I can see in particular how karma mala has been chasing me like a hounded beast.
I've decided I'm finished with it. No more getting mauled by the malas. This means giving up one of my favorite obsessions: that "wasting time" is fun. That avoiding responsibility is the definition of happiness.
This is illusion and obsession. Compulsive activities drain me. I have been staying with them to burn them, I think. But now things are changing. The opportunity...
I had to think very hard for a few moments. Do I really want to proceed? I'll never be the same again. My life will never be the same.
The point of no return?
I feel like I'm saying goodbye to "human," and hello to "divine." For now it's a sobering choice (there will be bliss...)
Yes, I say to the guru. Let's proceed. I'll sit back a bit, waiting for the cue of how to proceed.
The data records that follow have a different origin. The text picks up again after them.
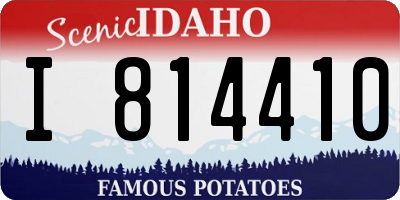 ID license plate I814410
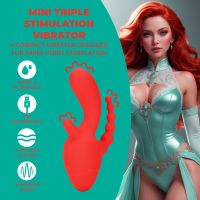 Loveline Mini Triple Stimulation Vibrator Rood, afbeelding 6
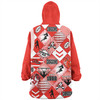 St. George Illawarra Dragons Snug Hoodie - Argyle Patterns Style Tough Fan For Life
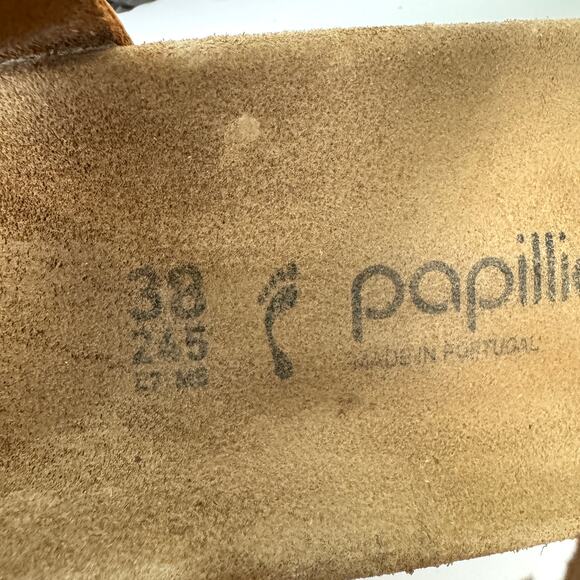 Birkenstock Papillo Womens Sibyl Strappy Sandal Size 7 Comfort Wedge Tan - Picture 10 of 10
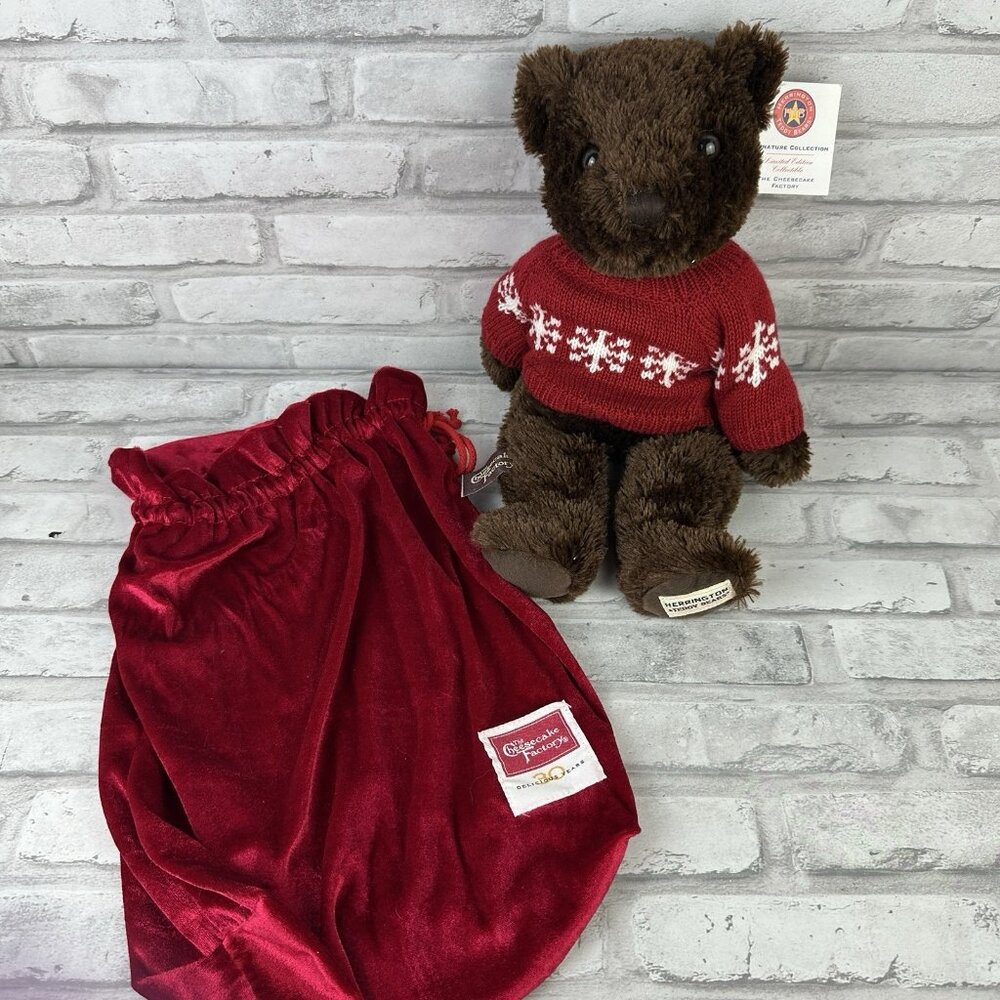 Cheesecake Factory Chocolate Cake 30th Anniversary Herrington Teddy Bear 2008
I realize that the life of a sadhini takes focus. I can't really take a break from my practices (austerities, tapas... mantra, meditation, etc.). The yogic fire must be stoked and maintained.
I have to be careful of distractions. This wasn't such an issue until this point in my sadhana.
I tried to watch "The Walking Dead." How different it is now! I'm too sensitive for this raw emotion and action. I've never been that way before (I'm a physical and an emotional tomboy). I have decided to cancel the satellite TV. I don't watch TV more than once per week (except for Craig Ferguson, the delightful Scottish perv). Almost $80 a month for once a week? That's $20 a shot.
It's like my diet. It has just happened, since I was sick. Mostly rice, plain white jasmine rice, cooked on the stove with extra water to make it soft. A few other things. The diet of a sadhini, sattvic, light, simple. Plus, I haven't smoked since the beginning of February. And I am trying out being a vegetarian. I just can't digest the meat properly. And it has "bad energy" in it.
|The world by campfire|
shrinks down to an
My intention is to continue maintaining my yogic fire through regular practices of "viewing (it) as consciousness," japa mantra, meditation, study of Sanatana Dharma online and in my books and scriptures, brahmacharya (celibacy), poverty, and the solitary life of a blissful sadhini. Also, I play the mantra almost all the time both on my laptop and in the bedroom.
Maintain the yogic fire... pranam and praises to Shree Agni.